The Avenue Parties have also agreed to vote their shares of Spectrum common stock at any meeting of the Spectrum stockholders: (i) in favor of the adoption of the merger agreement; (ii) against any action or proposal that would reasonably be expected to result in a material breach by Spectrum of any covenant, warranty or representation contained in the merger agreement; and (iii) except with the written consent of Spectrum, against (x) any Alternative Proposal with respect to Spectrum that would impede the mergers or (y) any other action or proposal involving Spectrum that would reasonably be expected to prevent or materially impede, interfere with or delay the Spectrum merger.

Spectrum’s directors and officers have not entered into any voting agreements. However, Spectrum’s directors and executive officers intend to vote all of the Spectrum common stock beneficially owned by them “for” the adoption of the merger agreement.

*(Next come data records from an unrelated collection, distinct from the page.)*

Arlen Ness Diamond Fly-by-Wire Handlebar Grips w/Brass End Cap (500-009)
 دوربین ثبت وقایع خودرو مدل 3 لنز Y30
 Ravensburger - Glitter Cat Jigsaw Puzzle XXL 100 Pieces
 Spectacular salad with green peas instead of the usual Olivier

Interests of Certain Persons in the Spectrum Merger

In considering the recommendation of the Spectrum Board with respect to adopting the merger agreement, Spectrum stockholders should be aware that certain Spectrum and Russell Hobbs directors, executive officers and stockholders have interests in the Spectrum merger that are different from, or in addition to, the interests of the Spectrum stockholders. These interests create a potential conflict of interest. The Spectrum Board was aware of these potential conflicts of interest during its deliberations on the merits of the mergers and in making its decision to adopt the merger agreement.